TASK TO COMPLETE
When you reach the line with "Indennità sostitutiva delle" in the records below, begin transcribing exactly and continue up to and including the line with "610 Butler Springs", leaving out every picture.

TASK INPUT

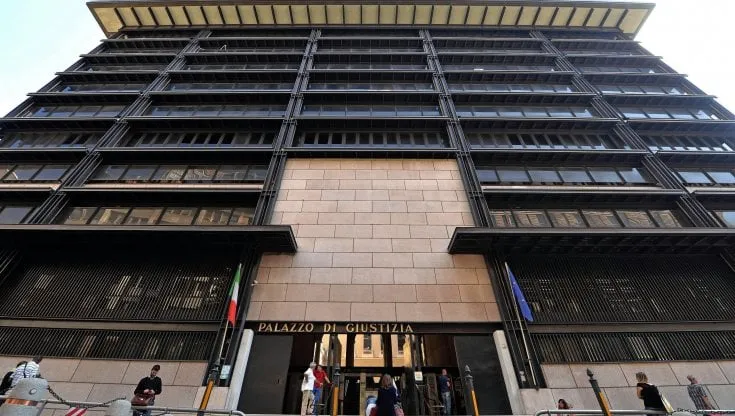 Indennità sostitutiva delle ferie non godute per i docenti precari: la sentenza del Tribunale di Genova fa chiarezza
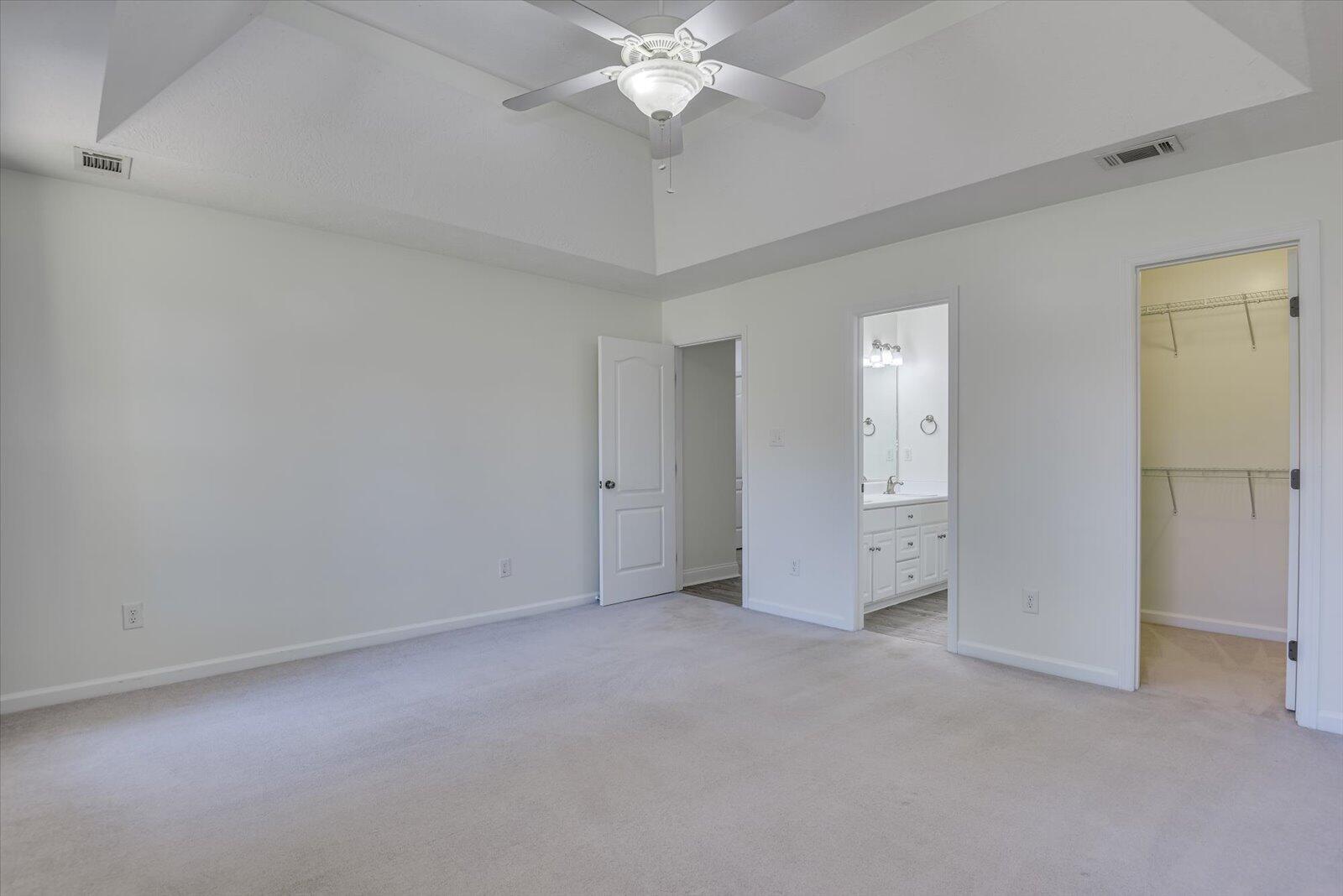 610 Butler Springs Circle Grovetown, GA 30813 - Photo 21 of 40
---
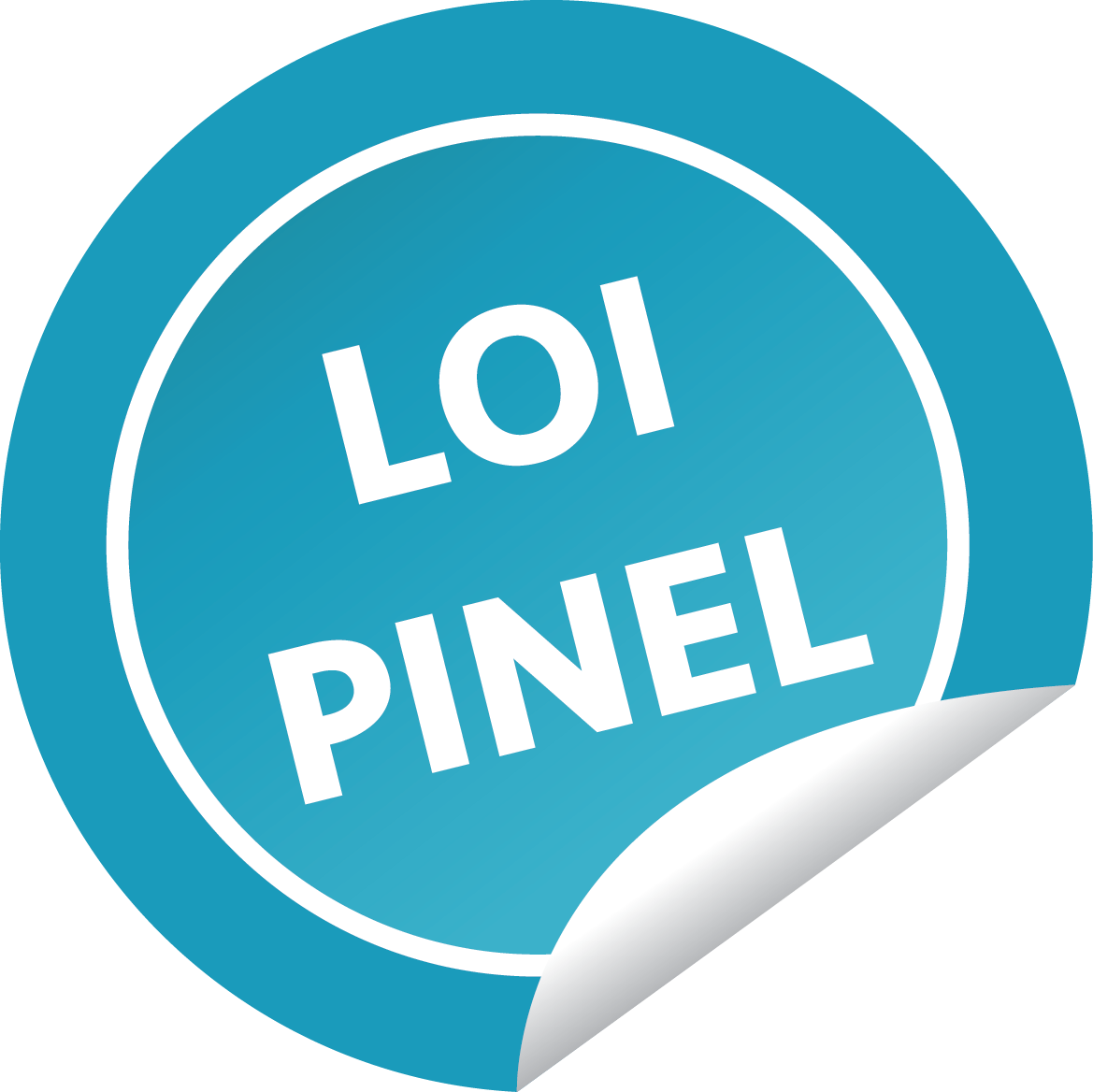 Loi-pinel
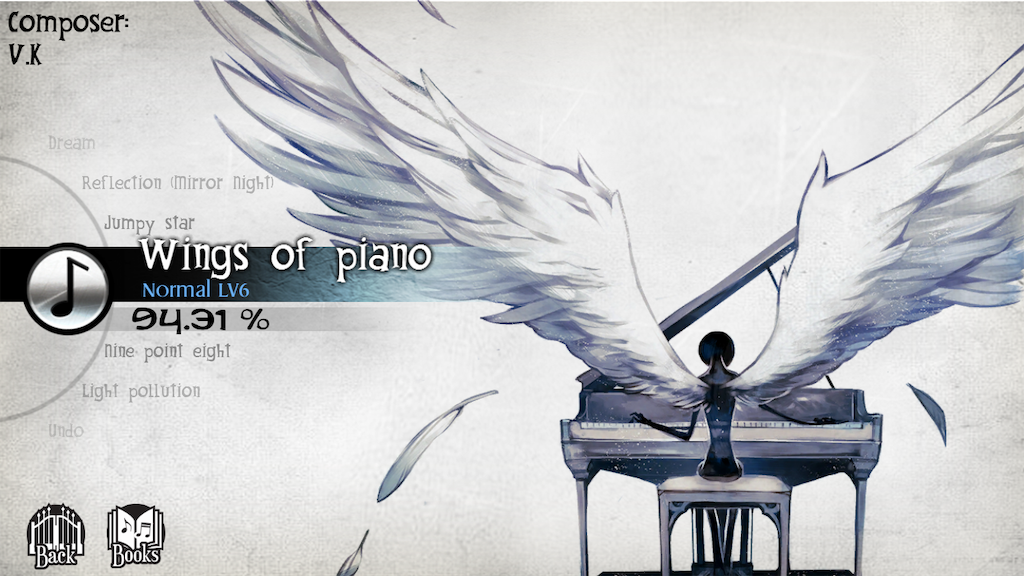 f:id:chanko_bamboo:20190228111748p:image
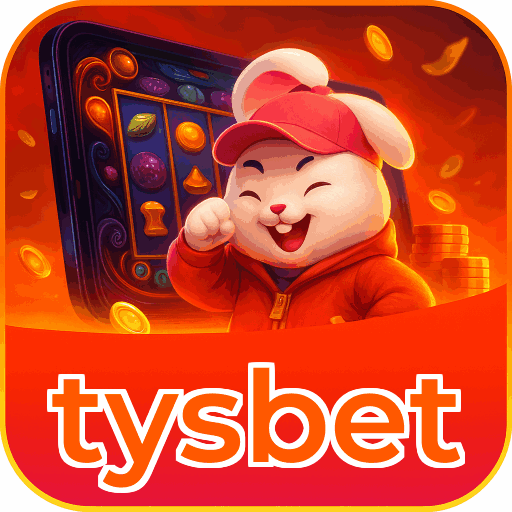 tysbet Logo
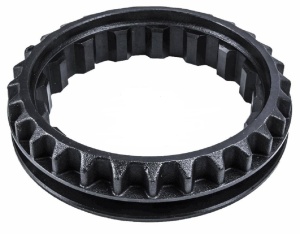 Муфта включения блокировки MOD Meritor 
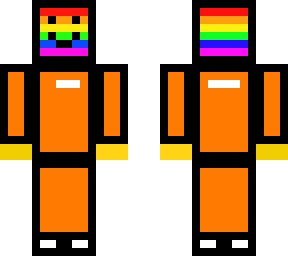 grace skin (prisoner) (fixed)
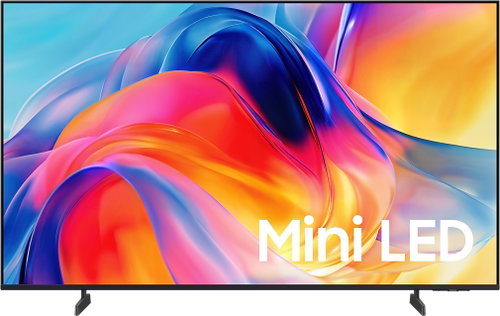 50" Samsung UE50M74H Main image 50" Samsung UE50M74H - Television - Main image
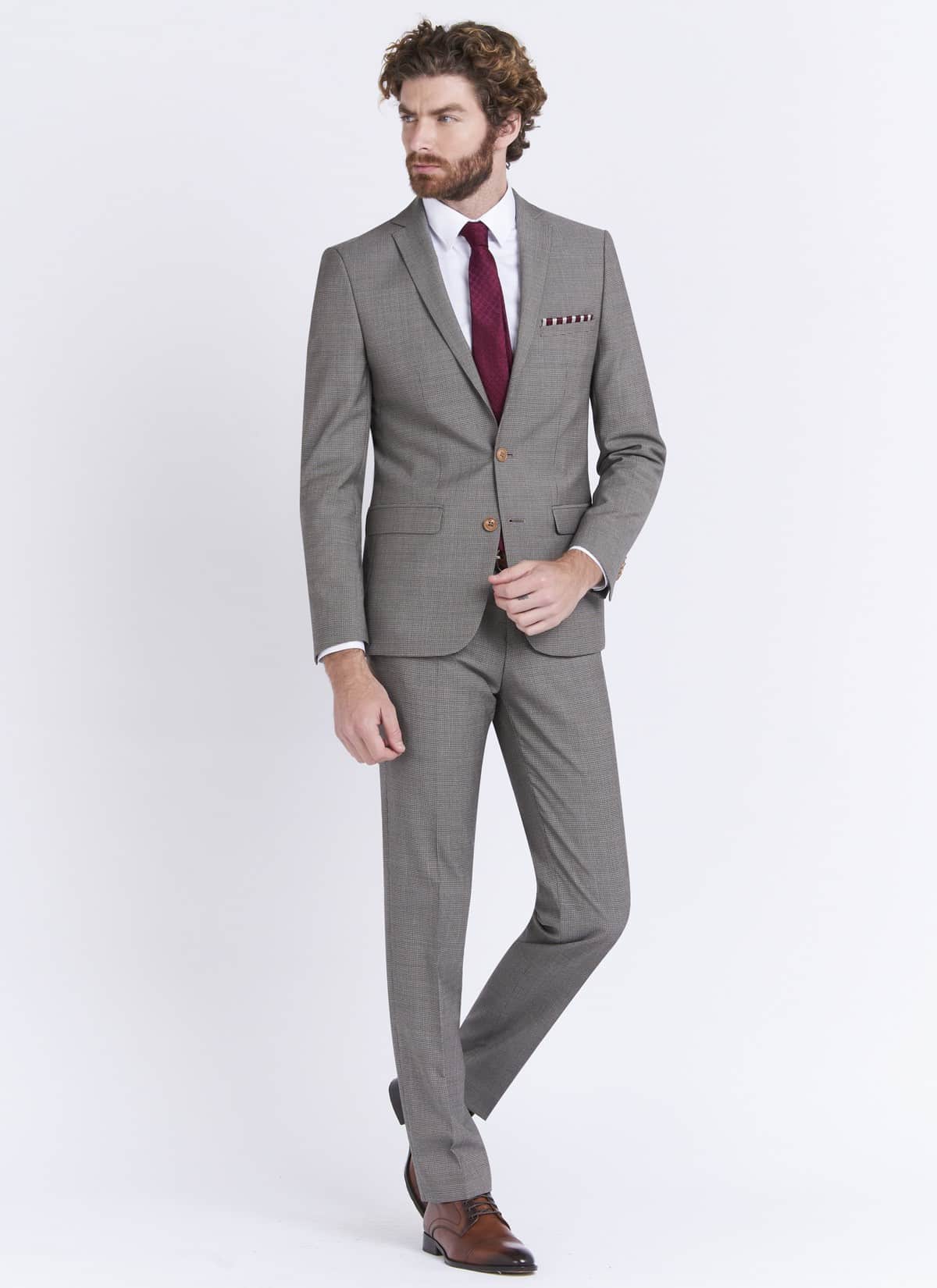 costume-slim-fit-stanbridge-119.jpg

THE COMPLETED TASK
 Indennità sostitutiva delle ferie non godute per i docenti precari: la sentenza del Tribunale di Genova fa chiarezza
 610 Butler Springs Circle Grovetown, GA 30813 - Photo 21 of 40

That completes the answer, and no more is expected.